Enviada em 25/09/2021

Consoante ao ex-presidente da África do Sul, Nelson Mandela, a educação é a melhor ferramenta para modificar o mundo. Nessa conjuntura, no Brasil hodierno, o quadro da evasão escolar aumenta gradativamente, o que coloca em decadência o recurso educacional e, por conseguinte, suas consequências na mudança mundial. Dessa forma, a falta de uma infraestrutura dos transportes no que concerne ao trajeto percorrido associada à desigualdade social são fatores que corroboram para o problema supracitado.

Em primeira instância, é mister afirmar que a escassez de rotas de qualidade dos automóveis é um fator preponderante que desencadeia a evasão escolar. Nesse contexto, diversos alunos moram distante das escolas e, consequentemente, dependem dos ônibus escolares. Não obstante, muitos transportes coletivos não passam por ruas próximos às moradias de vários estudantes, como, por exemplo, nas áreas mais periféricas e, como toda ação gera uma reação, consoante ao astrônomo inglês, Isaac Newton, em sua terceira lei da física, o ato de os automóveis colegiais não passar perto de algumas regiões origina como retorno a dificuldade ou impossibilidade de crianças irem à escola, o que desencadeia a evasão.

Outrossim, é válido ressaltar que a desigualdade existente no meio social é outro catalisador da saída de muitos alunos das escolas. Nessa perspectiva, conforme a poetisa e contista brasileira, Cora Coralina, não há igualdade na sociedade nacional atual. Desse modo, enquanto várias pessoas possuem diversas fontes de riqueza, outros muitos estudantes vivem em extrema condição de pobreza e, por conseguinte, precisam sair dos colégios para trabalhar e auxiliar no sustento da família, não conseguindo conciliar serviço e estudo e tendo que abandonar a área escolar.

Destarte, torna-se fundamental a tomada de medidas para a resolução do imbróglio supramencionado.
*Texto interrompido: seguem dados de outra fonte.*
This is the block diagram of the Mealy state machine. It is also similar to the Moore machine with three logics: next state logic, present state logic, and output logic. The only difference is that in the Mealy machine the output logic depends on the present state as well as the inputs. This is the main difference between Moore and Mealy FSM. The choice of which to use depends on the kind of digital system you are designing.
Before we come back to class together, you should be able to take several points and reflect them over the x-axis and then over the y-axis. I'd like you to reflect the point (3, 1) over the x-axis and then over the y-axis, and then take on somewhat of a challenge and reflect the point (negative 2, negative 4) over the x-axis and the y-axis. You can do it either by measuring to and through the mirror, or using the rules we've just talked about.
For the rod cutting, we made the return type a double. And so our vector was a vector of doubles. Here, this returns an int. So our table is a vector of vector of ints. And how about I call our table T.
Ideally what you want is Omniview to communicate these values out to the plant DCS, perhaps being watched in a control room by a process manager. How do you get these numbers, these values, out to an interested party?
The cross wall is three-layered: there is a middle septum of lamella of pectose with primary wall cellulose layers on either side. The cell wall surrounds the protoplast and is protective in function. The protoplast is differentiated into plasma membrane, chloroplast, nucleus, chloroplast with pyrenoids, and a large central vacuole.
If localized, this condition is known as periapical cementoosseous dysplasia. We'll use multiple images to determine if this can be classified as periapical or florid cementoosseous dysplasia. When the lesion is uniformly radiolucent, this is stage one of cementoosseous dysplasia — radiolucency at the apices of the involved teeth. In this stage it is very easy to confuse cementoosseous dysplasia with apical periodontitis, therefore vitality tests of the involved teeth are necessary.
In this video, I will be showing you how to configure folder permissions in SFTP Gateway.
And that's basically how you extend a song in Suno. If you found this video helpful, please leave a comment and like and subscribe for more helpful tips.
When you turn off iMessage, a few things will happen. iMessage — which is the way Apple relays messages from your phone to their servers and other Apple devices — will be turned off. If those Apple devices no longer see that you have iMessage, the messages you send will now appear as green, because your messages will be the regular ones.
Portanto, cabe ao Governo Federal, aliado às prefeituras municipais e ao Ministério de Transportes e Infraestrutura, órgão governamental responsável pelo setor de automóveis, organizar, por meio da participação dos motoristas e rearranjo de finanças, organizar novas rotas de passagem dos ônibus escolares, a fim de conseguir com que estes passem próximos às regiões menos centrais e, por consequência, permita que os estudantes das áreas mais periféricas consigam frequentar os colégios. Somente assim, o cenário contemporâneo será modificado e aprimorado.